Coefficient Table Output

Bayesian Double ML Coefficient Table
======================================================================
Parameter: α (treatment effect)
Model type: hier
Inference method: VI
Credible interval level: 95.0% (HPD)
Number of posterior samples: 2000

  Parameter    Estimate  Std. Error        MCSE     P-value
  ---------    --------  ----------        ----     -------
          α        1.9832      0.1124      0.0025      0.0000

HPD Credible Intervals:
  α: [1.7623, 2.2031]

Diagnostics:
  Final ELBO: -3421.56

MCMC-Specific Diagnostics

# Effective Sample Size (ESS)
ess(model)

# R-hat convergence diagnostic (should be ≈ 1.0)
rhat(model)

# Monte Carlo Standard Error
mcse(model)

VI-Specific Information

# Access the result object for VI-specific fields
result = model.result

# ELBO convergence history
result.elbo_history

# Convergence flag
result.converged

# Final ELBO value
result.final_elbo

Performance Tips

AD Backend Selection

BackendSpeedBest For
AutoReverseDiffBaselineDefault choice
AutoMooncake5-10x fasterSpeed
AutoZygoteTypically slower than ReverseDiff or MooncakeNot recommended
AutoForwardDiffTypically very slowNot recommended

Mathematical Background

The Bivariate Reduced Form

The BDML model avoids regularization-induced confounding by parameterizing the causal inference problem as a bivariate regression:

Structural Model:

\[Y = \alpha D + X'\beta + \varepsilon, \quad \varepsilon \perp V\]

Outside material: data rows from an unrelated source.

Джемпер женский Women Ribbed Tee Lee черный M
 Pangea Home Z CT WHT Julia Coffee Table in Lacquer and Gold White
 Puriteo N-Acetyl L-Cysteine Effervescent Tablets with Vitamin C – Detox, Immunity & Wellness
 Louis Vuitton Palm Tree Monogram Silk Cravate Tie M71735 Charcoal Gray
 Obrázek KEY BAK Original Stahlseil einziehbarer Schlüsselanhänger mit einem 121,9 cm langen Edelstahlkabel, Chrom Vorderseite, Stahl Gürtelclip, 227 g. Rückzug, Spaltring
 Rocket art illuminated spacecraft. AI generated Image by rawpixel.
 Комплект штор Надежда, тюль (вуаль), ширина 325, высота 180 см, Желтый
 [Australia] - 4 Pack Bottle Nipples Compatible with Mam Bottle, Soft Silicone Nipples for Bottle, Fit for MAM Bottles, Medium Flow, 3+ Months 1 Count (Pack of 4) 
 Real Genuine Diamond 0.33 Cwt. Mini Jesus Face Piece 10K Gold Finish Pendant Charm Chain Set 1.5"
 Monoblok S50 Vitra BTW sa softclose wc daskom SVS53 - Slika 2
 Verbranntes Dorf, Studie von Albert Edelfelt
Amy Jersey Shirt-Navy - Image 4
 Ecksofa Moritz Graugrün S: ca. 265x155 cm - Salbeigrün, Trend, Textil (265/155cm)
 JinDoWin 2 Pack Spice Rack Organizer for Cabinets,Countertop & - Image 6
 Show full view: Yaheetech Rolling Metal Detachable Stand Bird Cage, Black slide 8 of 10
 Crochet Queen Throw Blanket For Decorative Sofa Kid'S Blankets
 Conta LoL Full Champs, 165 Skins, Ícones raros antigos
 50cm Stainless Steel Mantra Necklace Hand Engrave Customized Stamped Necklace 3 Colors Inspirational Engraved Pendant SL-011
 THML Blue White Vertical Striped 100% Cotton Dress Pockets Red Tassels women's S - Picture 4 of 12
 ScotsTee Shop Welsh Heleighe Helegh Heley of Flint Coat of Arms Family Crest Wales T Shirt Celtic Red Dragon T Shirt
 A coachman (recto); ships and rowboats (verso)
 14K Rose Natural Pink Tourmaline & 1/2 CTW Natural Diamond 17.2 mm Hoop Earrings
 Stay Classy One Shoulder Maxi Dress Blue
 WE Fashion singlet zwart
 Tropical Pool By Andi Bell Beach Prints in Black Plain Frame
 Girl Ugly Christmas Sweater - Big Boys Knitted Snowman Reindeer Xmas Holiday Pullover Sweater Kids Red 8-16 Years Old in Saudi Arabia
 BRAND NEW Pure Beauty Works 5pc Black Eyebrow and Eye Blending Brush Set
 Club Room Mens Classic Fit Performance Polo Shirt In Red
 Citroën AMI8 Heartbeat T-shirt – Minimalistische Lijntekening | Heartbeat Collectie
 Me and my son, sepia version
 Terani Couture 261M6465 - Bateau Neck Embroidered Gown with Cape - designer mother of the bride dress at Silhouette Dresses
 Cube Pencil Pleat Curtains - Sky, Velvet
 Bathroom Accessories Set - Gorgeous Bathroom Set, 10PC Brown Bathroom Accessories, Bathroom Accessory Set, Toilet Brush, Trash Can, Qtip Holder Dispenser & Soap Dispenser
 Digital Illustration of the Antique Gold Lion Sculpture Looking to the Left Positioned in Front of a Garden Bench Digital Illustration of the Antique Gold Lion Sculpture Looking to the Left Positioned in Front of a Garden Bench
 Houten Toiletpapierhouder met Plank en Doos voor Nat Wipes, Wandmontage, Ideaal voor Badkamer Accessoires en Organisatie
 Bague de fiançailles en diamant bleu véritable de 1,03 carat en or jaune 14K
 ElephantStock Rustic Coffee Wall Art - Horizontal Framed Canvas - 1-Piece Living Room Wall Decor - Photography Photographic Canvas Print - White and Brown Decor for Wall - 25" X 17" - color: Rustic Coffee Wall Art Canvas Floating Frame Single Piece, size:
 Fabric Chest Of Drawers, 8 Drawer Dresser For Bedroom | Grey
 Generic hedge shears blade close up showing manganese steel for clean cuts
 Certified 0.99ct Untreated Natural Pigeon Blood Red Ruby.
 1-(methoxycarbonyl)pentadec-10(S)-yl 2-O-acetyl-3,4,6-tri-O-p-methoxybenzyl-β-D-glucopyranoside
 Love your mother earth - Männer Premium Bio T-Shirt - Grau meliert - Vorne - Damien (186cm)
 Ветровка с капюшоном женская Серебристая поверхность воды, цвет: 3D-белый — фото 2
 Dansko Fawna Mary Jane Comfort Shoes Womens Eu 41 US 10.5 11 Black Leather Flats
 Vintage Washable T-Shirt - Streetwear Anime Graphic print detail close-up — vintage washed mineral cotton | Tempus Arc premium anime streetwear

Reduced Form (substituting $D = X'\gamma + V$):

\[\begin{aligned} Y &= X'\underbrace{(\beta + \alpha\gamma)}_{\delta} + \underbrace{(\varepsilon + \alpha V)}_{U} \\ D &= X'\gamma + V \end{aligned}\]

Since $\varepsilon \perp V$ by assumption:

\[\text{Cov}(U, V) = \text{Cov}(\varepsilon + \alpha V, V) = \alpha \cdot \text{Var}(V)\]

Therefore, the causal effect is:

\[\alpha = \frac{\text{Cov}(U, V)}{\text{Var}(V)} = \frac{\sigma_{UV}}{\sigma^2_V} = \rho \frac{\sigma_U}{\sigma_V}\]

Prior Specifications

BDML-Basic:

\[\begin{aligned} \delta &\sim \mathcal{N}(0, 25 \cdot I_p) \\ \gamma &\sim \mathcal{N}(0, 25 \cdot I_p) \\ \sigma_U, \sigma_V &\sim \text{Cauchy}^+(0, 2.5) \\ R &\sim \text{LKJ}(4) \end{aligned}\]

BDML-Hier:

\[\begin{aligned} \sigma^2_\delta, \sigma^2_\gamma &\sim \text{InvGamma}(2, 2) \\ \delta \mid \sigma^2_\delta &\sim \mathcal{N}(0, \sigma^2_\delta \cdot I_p) \\ \gamma \mid \sigma^2_\gamma &\sim \mathcal{N}(0, \sigma^2_\gamma \cdot I_p) \\ \sigma_U, \sigma_V &\sim \text{Cauchy}^+(0, 2.5) \\ R &\sim \text{LKJ}(4) \end{aligned}\]

The hierarchical prior is equivalent to placing independent Student-t(4) distributions on each coefficient marginally, providing adaptive shrinkage that learns the appropriate regularization from data.

References

  • DiTraglia, F.J. & Liu, L. (2025). "Bayesian Double Machine Learning for Causal Inference". arXiv:2508.12688v1.
  • Chernozhukov, V., et al. (2018). "Double/debiased machine learning for treatment and structural parameters". The Econometrics Journal, 21(1), C1-C68.